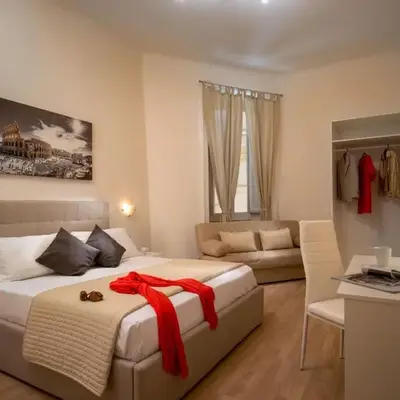 Domus Veneto Rome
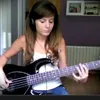 Bass cover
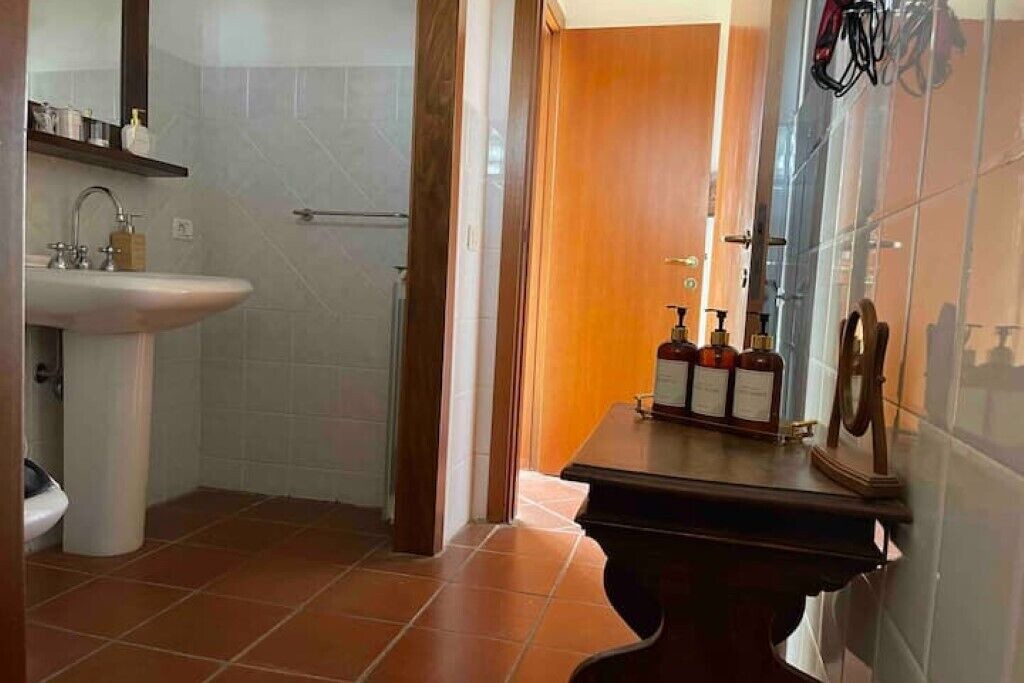 Photo of Bathroom in Bollano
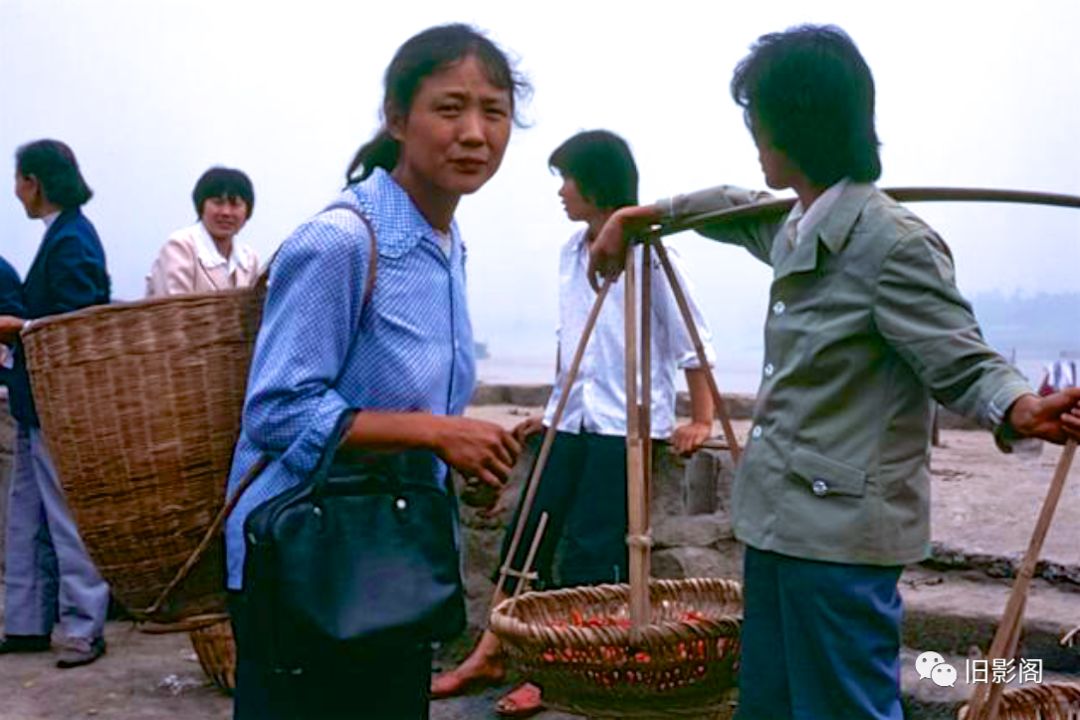 老照片重温八十年代的那些记忆,老照片七八十年代的生活记忆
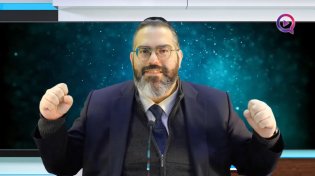 הרב ראובן גולן: 2 סגולות אדירות מהזרע שמשון לישועות גדולות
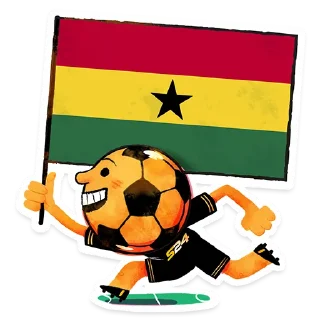 🇬🇭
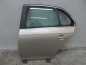 VW JETTA V SEDAN DRZWI TYL TYLNE LEWE LD1W 05-10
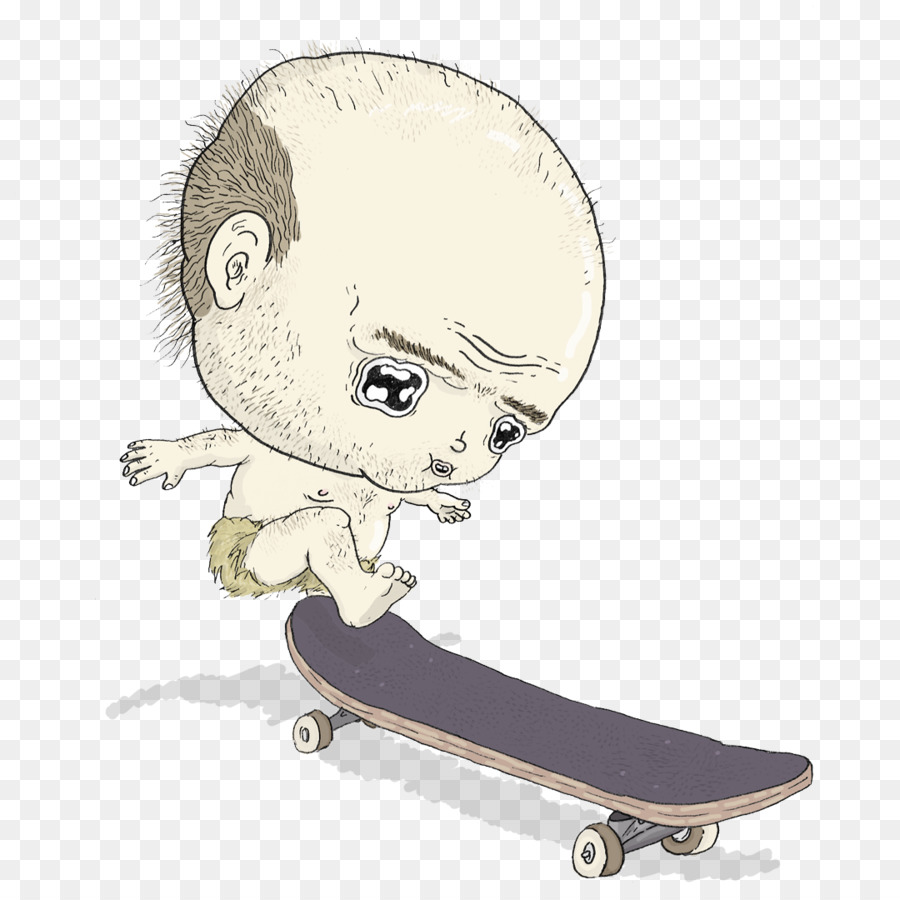 Patineta，Psicoanálisis PNG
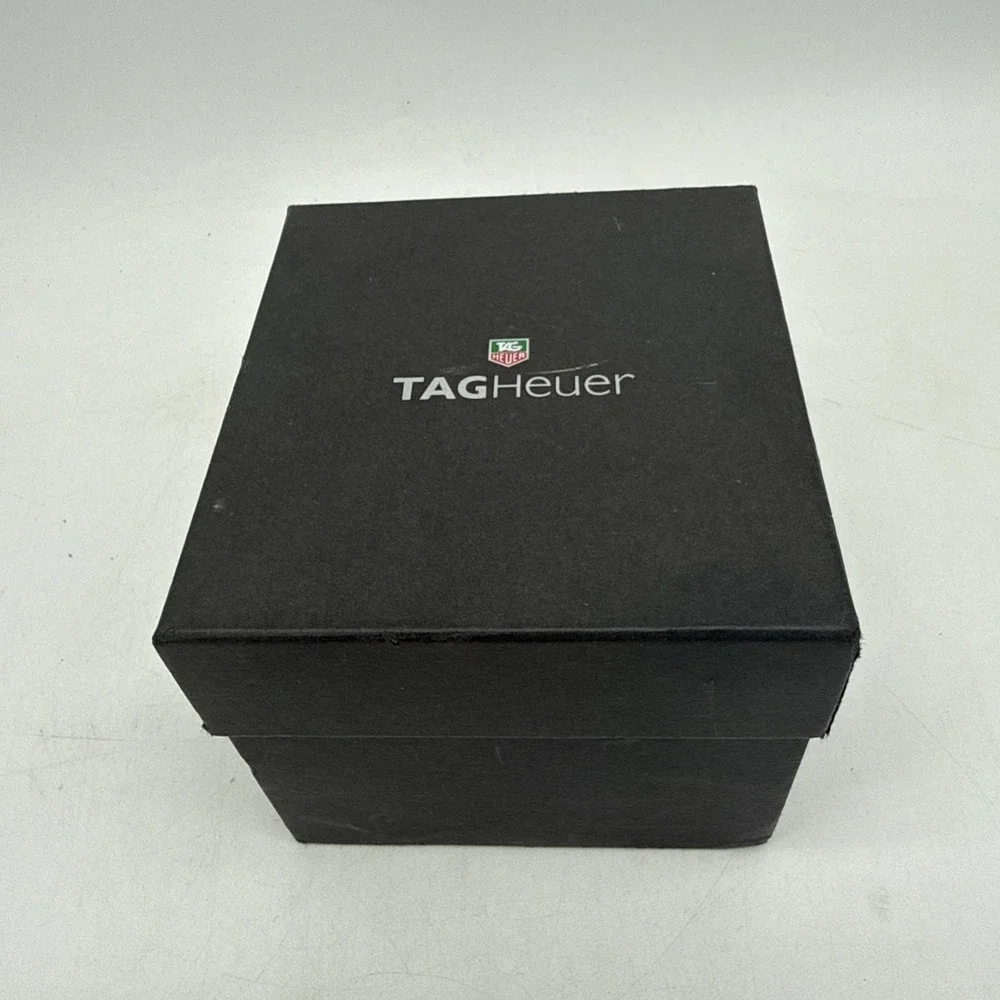 Tag Heuer tag heuer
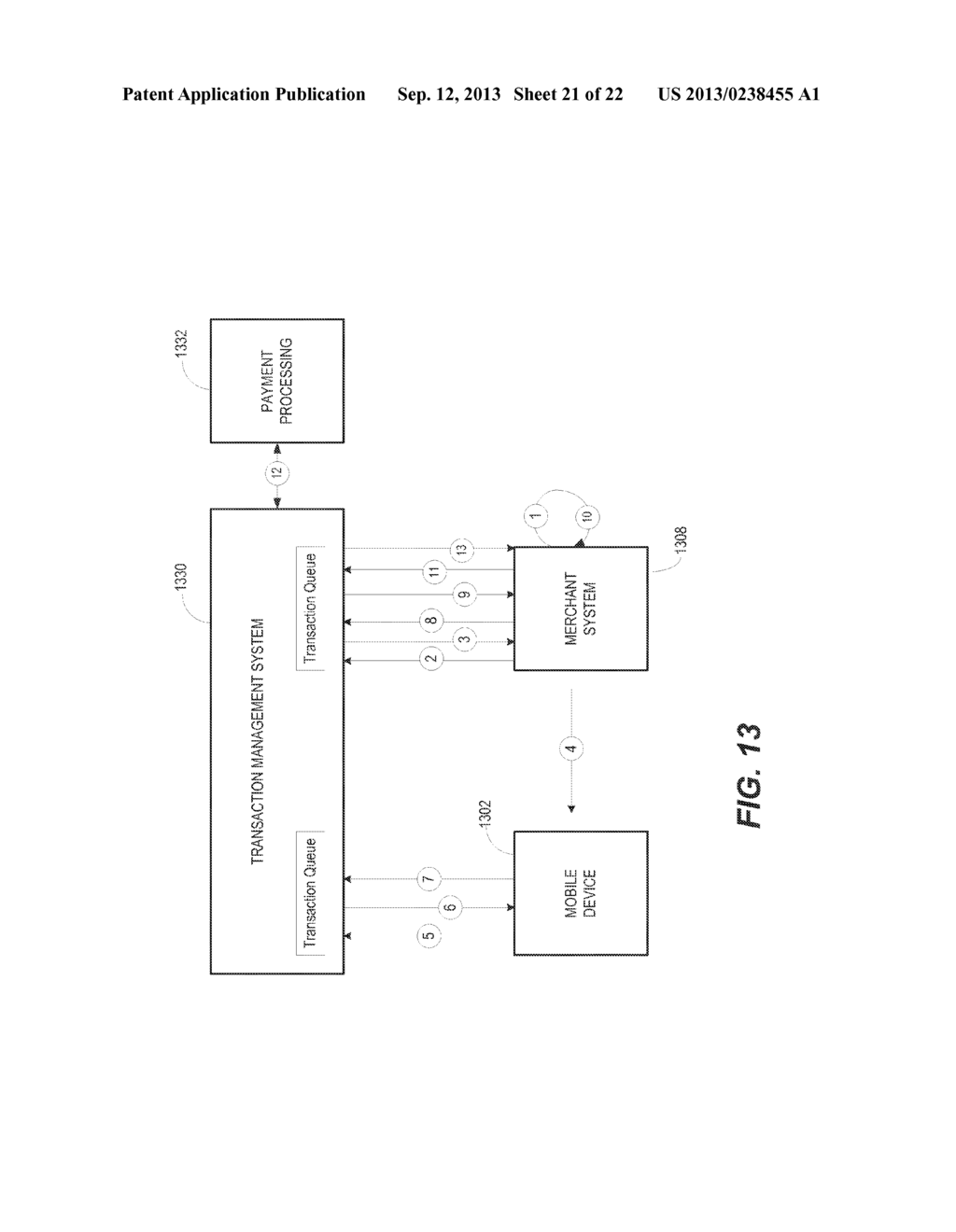 METHODS AND SYSTEMS FOR SELECTING ACCOUNTS AND OFFERS IN PAYMENT     TRANSACTIONS - diagram, schematic, and image 22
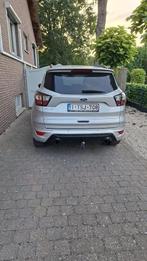 Ford Kuga, Auto's, Voorwielaandrijving, 4 zetels, 4 cilinders, Alcantara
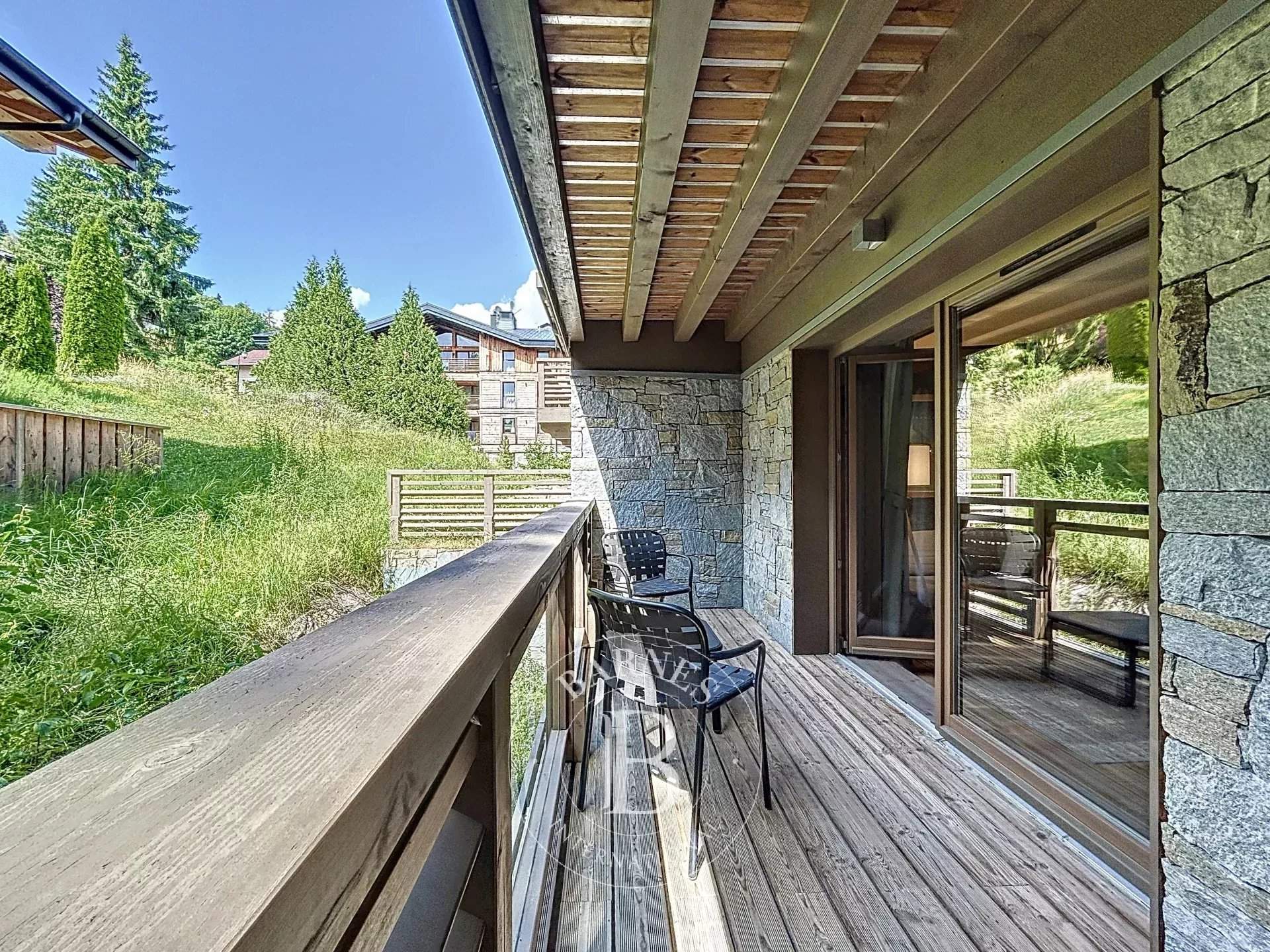 Les Gets  - Piso 4 Cuartos 3 Habitaciones - picture 6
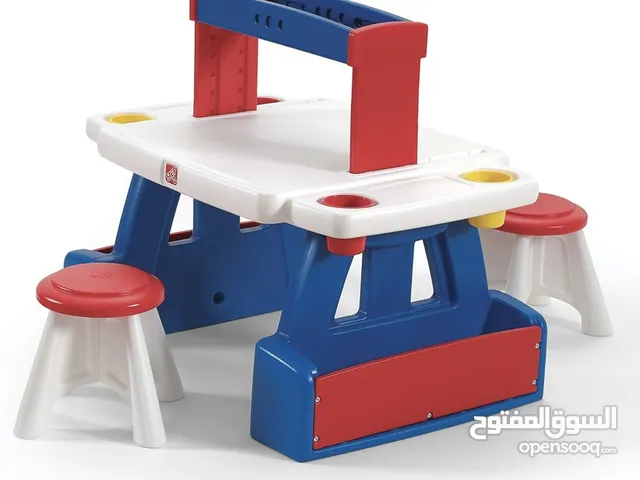 STEP2 CREATIVE PROJECTS TABLE 829900 Children's furniture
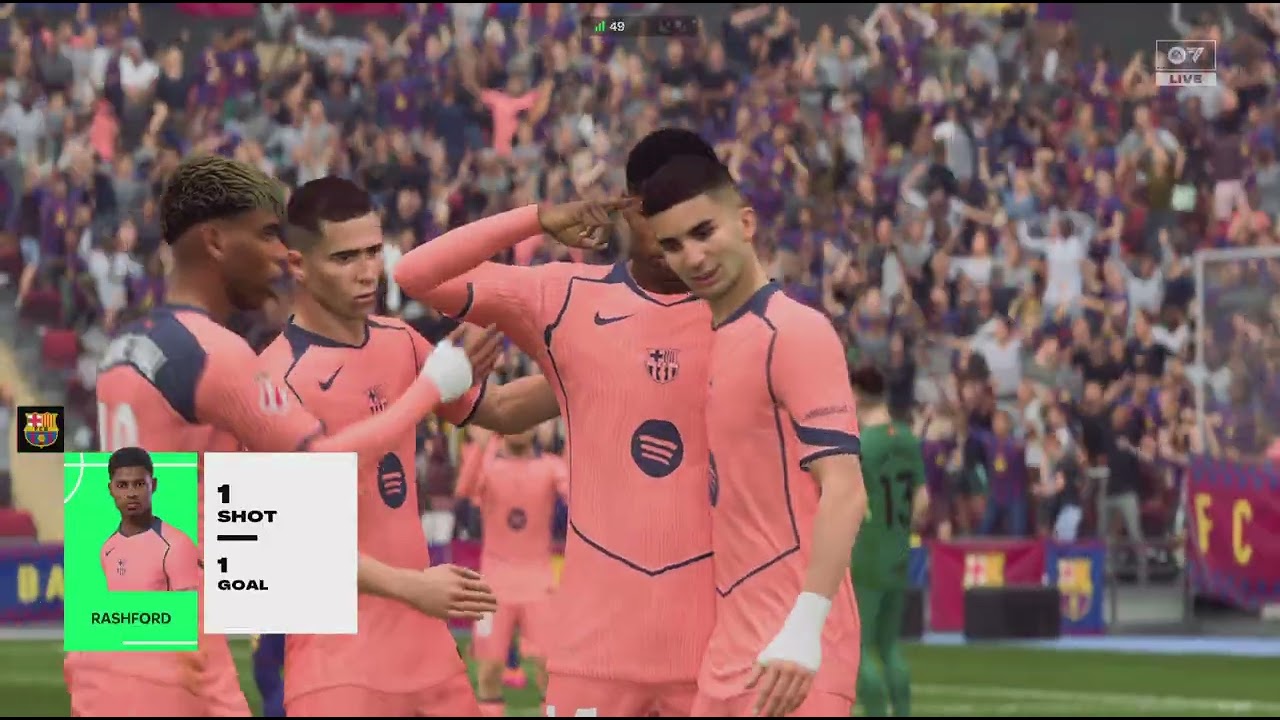 EA SPORT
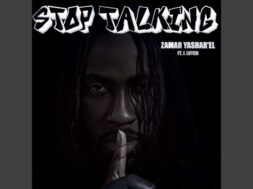 Zamar Yashar’el – Stop Talking
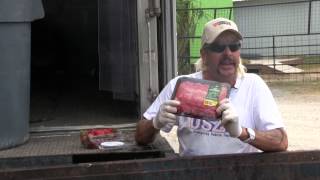 Wasted Meat Ep 1 - A Joe Exotic Special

────────────────────────────────────────

### Work to complete
Copy out all the entries precisely. No images.

### Task result
 Domus Veneto Rome
 Bass cover
 Photo of Bathroom in Bollano
 老照片重温八十年代的那些记忆,老照片七八十年代的生活记忆
 הרב ראובן גולן: 2 סגולות אדירות מהזרע שמשון לישועות גדולות
 🇬🇭
 VW JETTA V SEDAN DRZWI TYL TYLNE LEWE LD1W 05-10
 Patineta，Psicoanálisis PNG
 Tag Heuer tag heuer
 METHODS AND SYSTEMS FOR SELECTING ACCOUNTS AND OFFERS IN PAYMENT     TRANSACTIONS - diagram, schematic, and image 22
 Ford Kuga, Auto's, Voorwielaandrijving, 4 zetels, 4 cilinders, Alcantara
 Les Gets  - Piso 4 Cuartos 3 Habitaciones - picture 6
 STEP2 CREATIVE PROJECTS TABLE 829900 Children's furniture
 EA SPORT
 Zamar Yashar’el – Stop Talking
 Wasted Meat Ep 1 - A Joe Exotic Special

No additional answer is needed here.